ELTON. We should come to see its autumn glory by the river Nene, a spot which charmed us with its cottages, its grey 17th century almshouses, and its 16th century parsonage with big gables and tall chimneys, one of the loveliest old houses in the county.

It was for two years the home of a man whose name is known to the ends of the hymn-book world, Frederick William Faber. He came here from Ambleside in the autumn of 1842, when Wordsworth wrote to him, saying, “I do not say you are wrong, but England loses a poet.” It was while he was here that he became a Roman Catholic, and when he left he was on his way to fame as the founder of Brompton Oratory and a writer of beautiful hymns.

One of his delights was the charm of Elton Park, with its 200 acres of loveliness and its fine hall, of which the road gives us a peep. The 15th century gatehouse, with its overhanging parapet, is very imposing, and the hall, refashioned in the 17th century by Sir Thomas Proby and still occupied by his descendant, has a magnificent collection of pictures, Bibles, and other treasures, including portraits by Sir Joshua Reynolds.

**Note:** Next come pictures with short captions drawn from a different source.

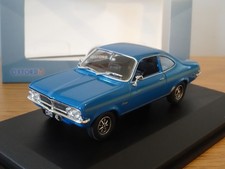OXFORD DIECAST VAUXHALL FIRENZA SPORT SL BLUEBIRD BLUE CAR MODEL VF001 1:43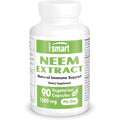 Supersmart Neem Extract 1500mg 90 Veggie Caps Front View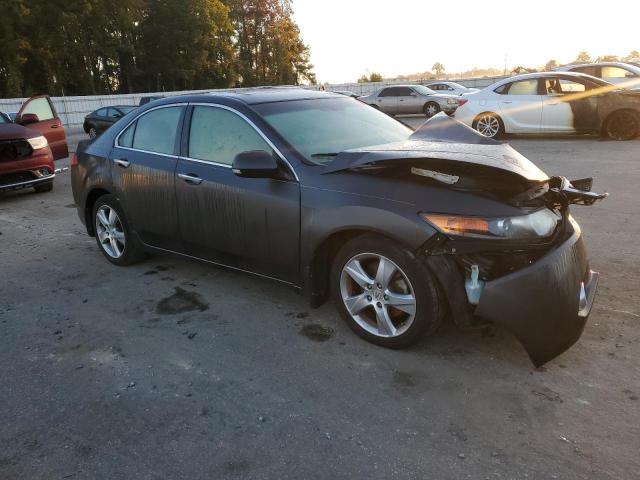 JH4CU2F65DC007957 - 2013 ACURA TSX TECH GRAY photo 4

Most of the clerestoried church belongs to the beginning of the 14th century, but the wide chancel arch is 13th century and the clerestory 15th. The porch, also 15th century, has two scratched sundials. The 15th century tower is majestic. Remarkable for its two bands of ornament, it has a niche ornamented with a bird which has kept watch since the day the builders left. Two things in the churchyard are older still, finely ornamented crosses with wheel heads, believed to be the work of Saxons who may have fought at Hastings.

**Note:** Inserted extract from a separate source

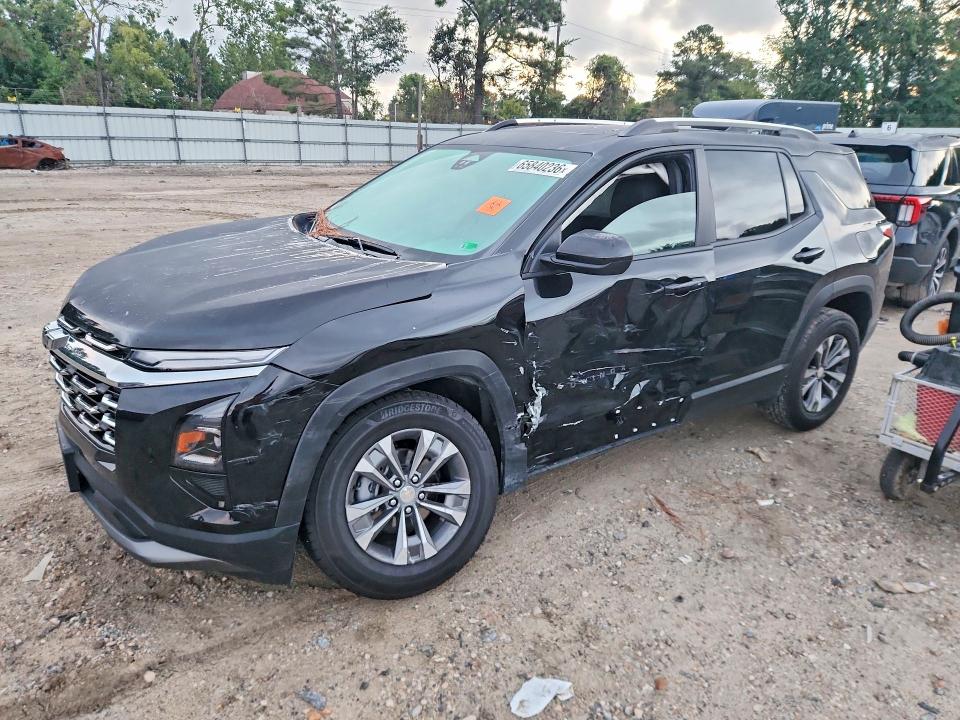 Auction sale of the 2026 Chevrolet Equinox, vin: 3GNAXHEG9TL233538, lot number: 65840236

The beautiful stone seats and the piscina have been here since Chaucer’s day, and the font has kept them company all the time. Its modern cover is crowned with a small figure of John the Baptist. There is a chair carved about 300 years ago, and a modern altar table with two painted angels which have come down in the world, having been up in the roof in the 15th century.

Here sleeps Robert Sapcote, whose portrait is engraved on a stone in the chancel. He is in armour, and was brought here from Elton Hall in 1601. The south aisle has many monuments to the Probys, who became Earls of Carysfort, the last earl with this title having been sleeping here since 1909. He was a knight of St Patrick, and his banner hangs over his monument. One of the Probys was John, who died in 1828, after a long career as a politician far enough ahead of his day to support Wilberforce. His son Granville, who was 17 when he went on board Nelson’s flagship, fought in the Battle of the Nile and at Trafalgar, and became an admiral.

We should come to this fine church when the last sheaves of corn have been gathered and when the trees are crimson and gold, for the nave and the chancel are a picture of delight when the villagers bring a little autumn indoors. Very proud they are to remember that the first harvest festival in England was held in their church, the lovely idea of Piers Claughton, rector from 1845 to 1859. He became Bishop of St Helena and St Colombo, but his heart was in this village, and he has been sleeping since 1884 in this spacious churchyard, like a lovely garden shaded by the elms he loved. There is a tribute to his memory in the church and in St Paul’s Cathedral, and he deserves a niche in the Temple of Fame for teaching us to be thankful for seedtime and harvest, and to lay on our altars the first-fruits of the earth.